Segundo Josué Medeiros, da Secretaria de Periferias do Ministério das Cidades, “o Periferia Viva é uma ação que pretende reconhecer, valorizar, potencializar e premiar iniciativas protagonizadas pela população que vive nas periferias e que contribuam para a redução das desigualdades, a qualificação e a transformação dos territórios periféricos, bem como para o exercício da participação e inserção social”. Podem concorrer iniciativas periféricas nas seguintes categorias: planejamento urbano, gestão de riscos e responsabilidade climática; soberania alimentar e nutricional; saúde integral e dignidade humana; economia solidária; acesso à justiça e combate às desigualdades; comunicação, inclusão digital e educação popular; e cultura e memória.
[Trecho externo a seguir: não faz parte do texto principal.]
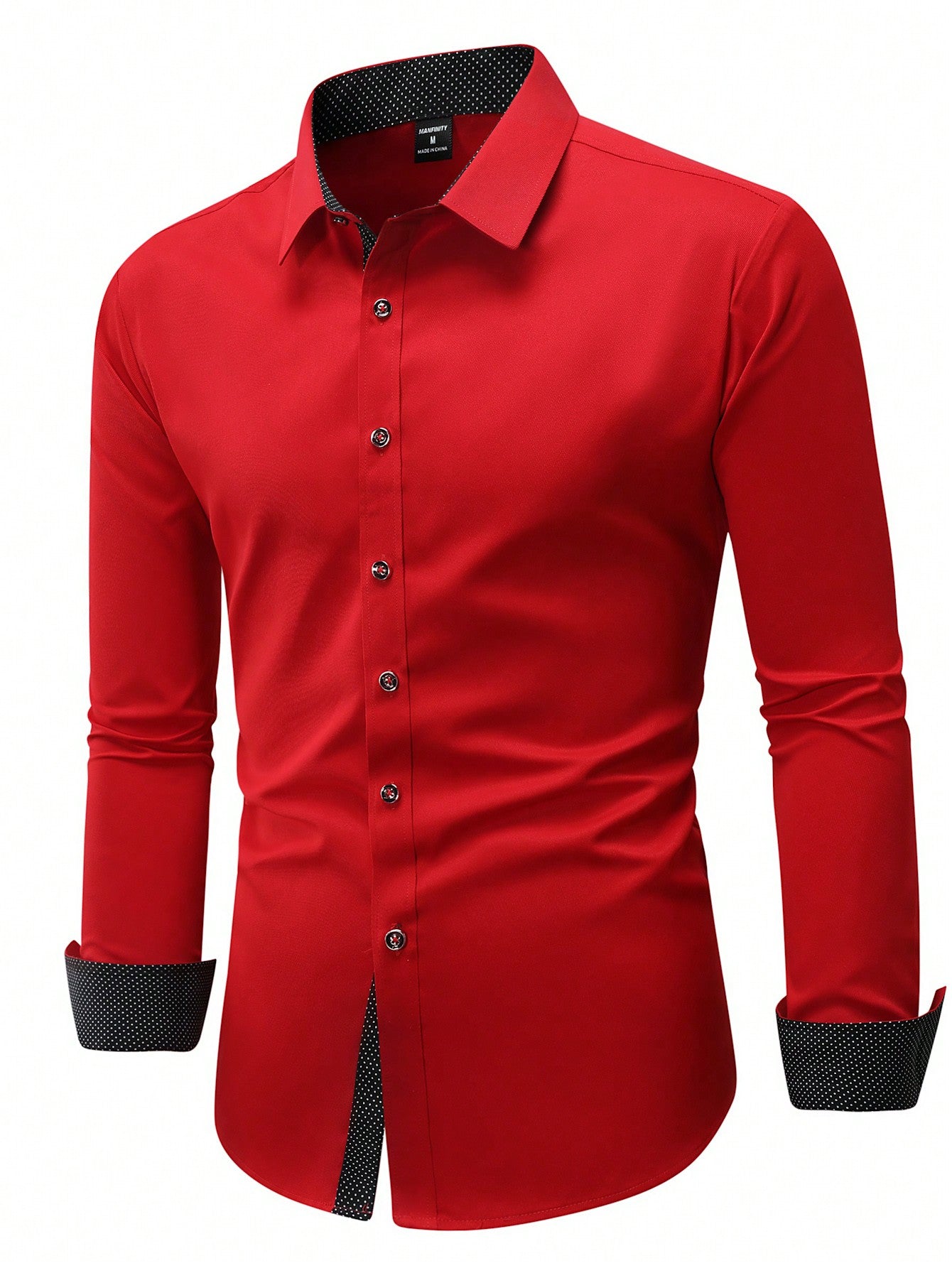 Manfinity Mode Men's Solid Color Long Sleeve Shirt, Slim Fit Button Up Collar Plain Business Shirt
“O diálogo do Ministério das Cidades com o Ministério da Saúde e a Fiocruz é de grande importância para fortalecermos esta agenda e a ampliarmos. E em uma próxima oficina, provavelmente em Brasília, o objetivo é trazer outras instâncias e órgãos”, comentou Medeiros.
Para a coordenadora do Pólen, Ana Carneiro, a oficina atestou a importância da troca de experiências: “exploramos a essência do território como resultado da nossa participação no espaço geográfico, carregando a história dos movimentos e atores locais. Serviu para debatermos como podemos fortalecer as políticas públicas, trazendo maior efetividade para as periferias e promovendo uma participação ativa da população na construção dessas políticas”.
Segundo ela, a coordenação entre ministérios e a busca por sinergia nas ações são cruciais. “Acredito que, ao abordarmos a complexidade dos territórios, contribuímos significativamente para o programa Periferia Viva, que tem como objetivo criar um Brasil mais inclusivo e saudável para todos. A oficina é apenas o começo de um processo mais profundo e colaborativo que busca transformar realidades e fortalecer os laços entre instituições públicas e a sociedade civil”.
Valcler Fernandes afirmou que “o governo federal encara este momento histórico a partir de um contexto desafiador, já que houve o desmantelamento de muitas políticas públicas. Isso significa reverter processos fragmentados na implementação de programas e ações em nível local e promover uma participação social que traduza o desejo da população na elaboração e implantação dessas políticas. Abordar a questão dos territórios, na sua complexidade, contribui para a capilarização dessa estratégia no campo da saúde”.
Para o assessor especial do MS, é necessário “olhar para as periferias com outra lógica, sem estereótipos que ainda são fortes, como sendo lugares exclusivamente de violência e pobreza. É preciso ver a potência e os arranjos locais próprios de cada território, reconhecendo a diversidade das práticas sociais e assim elaborar as políticas públicas eficazes. E isso para além do recorte urbano, incluindo outros territórios periféricos, como a Amazônia, o campo, as águas etc.”. Fernandes observou que “é urgente fazer mais e melhor, já que os programas sociais foram em grande parte destruídos”.
Fernandes disse que, para uma estratégia com as periferias é importante desenvolver os seguintes elementos: negar um conceito de ordem e de comportamento social aceitos e definidos a partir de uma lógica dos grupos hegemônicos; recusar visões reducionistas, estereotipadas e desqualificadoras dos territórios periféricos; reconhecer as periferias pelo seu conjunto de práticas cotidianas materializadas nas potências inventivas, formas de ocupação do espaço e arranjos comunicativos próprios; reconhecer as práticas sociais e culturais das periferias como formas de afirmação e invenção de direitos, que necessitam ser garantidos na forma de políticas públicas; e refletir o conceito de periferias para além do recorte urbano, incluindo territórios em situação de vulnerabilidade.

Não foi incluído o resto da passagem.